For my friends and peers in the bay area, I hope you are enjoying this beautiful day outside and not at home blogging after spending three hours migrating over to a new framework (ahem.) Not that I'm jealous or anything.
One of the biggest mistakes an entrepreneur can make is to expect that the crazy high that they get during the ideation phase is going to last the entire lifespan of their venture. In fact, although dreaming up big ideas can make "arm-chair" entrepreneurs feel great about themselves, one must realize that the execution phase is going to be filled with pitfalls and challenges that they won't be aware of. It is therefor of great importance that entrepreneurs "Dream Big, and Start Small".
This week, I'm going to focus on dreaming big.
Why do you want to be a entrepreneur in the first place?
- Change the world
- Create something awesome
- Make lots of money and IPO
- Be the boss
If you answered 3 or 4, to be honest, you probably shouldn't be running a startup. In any successful startup it is crucial to have an idea that is visionary. This idea must really have the potential to change the way people think about a certain task. It has to address significant significant pain points, or it has to create a new value proposition that wasn't there before. If you think along the lines of choice 1 or 2, you're most likely thinking of an idea that hasn't been thought of before, or which is so differentiable from an existing product, that it's success would catalyze an exponential growth of the current market. If you think along the lines of decision 3 and 4, then you'll probably be thinking of a way to augment or improve upon existing services.

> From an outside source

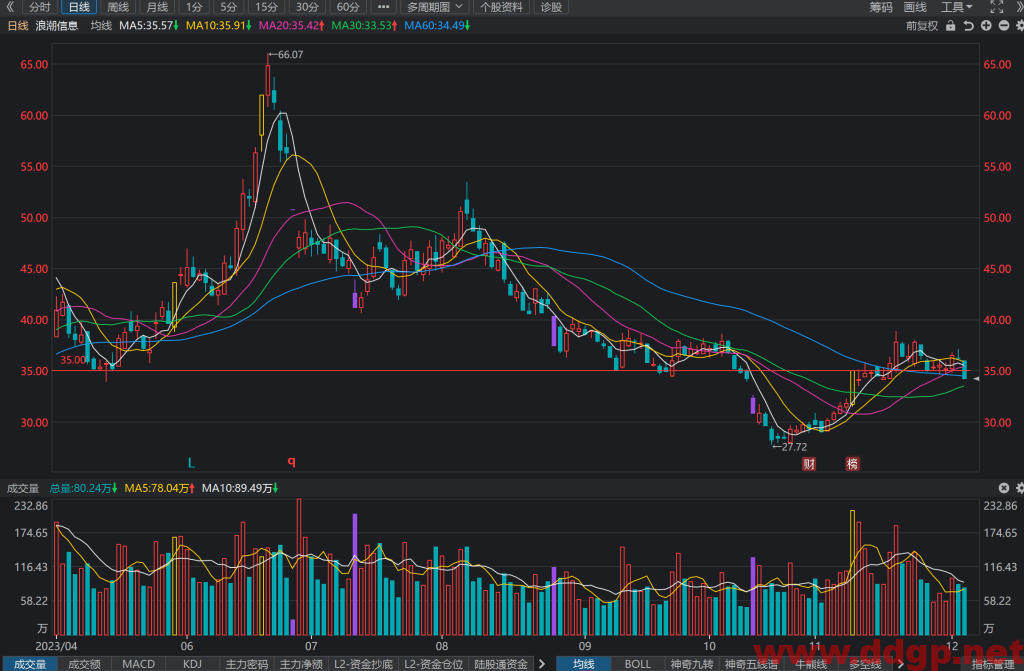 浪潮信息过去一年的股价表现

The latter thought process is a fatal mistake. Why? There is a saying out there that goes something like, "Don't build a faster horse, invent a car". Prior to the invention of the automobile, people would have thought you were crazy if you proposed the idea of an automobile. "Why? Horses are fine right now, and they are, much, much cheaper", and so on and so forth.
Two reasons why making a faster horse is a bad idea.
1. Your product is more indefensible
The end users might cosy up to an old idea much easier, but the idea itself exists already. There is probably also a market leader for the product. It will take them almost no time to take their superior resources and experience in this field to crush you. Adjectives like ('faster, more widgets, better ui') are features and not new products. Corporations can throw money and time at features in order to drive you out of the market. Time and money, coincidentally are exactly what entrepreneurs don't have.
2 Startup is not equal to a small business
Yes, startups are smaller in size, like small businesses. They also typically have to deal with all of the things small businesses have to resolve , such as hiring, business plans and etc. The key differentiator between a startup and a small business is growth potential and speed. Startups are extremely volatile, high-risk ventures which flame out in a spectacular fashion most of the time. Small businesses aim to be sustainable and move down the growth curve at a sensible, natural pace. There are advantages to both. Small businesses are much more stable, whereas startups, though dangerous, promise the possibility of changing the world as well as gaining recognition and wealth. If you only have a faster horse, then you can't honestly expect to experience meteoritic growth, and therefor, you probably won't be convincing any investors or partners to invest/work in your startup. (Although the same analogy might work perfectly for someone looking to found a regular small business)
Therefor, when just starting up, don't be afraid to reach for the stars. Dream big, and be confident in yourself. After you've written down what you want your startup to eventually be, then prepare to roll up your sleeves and enter the trenches.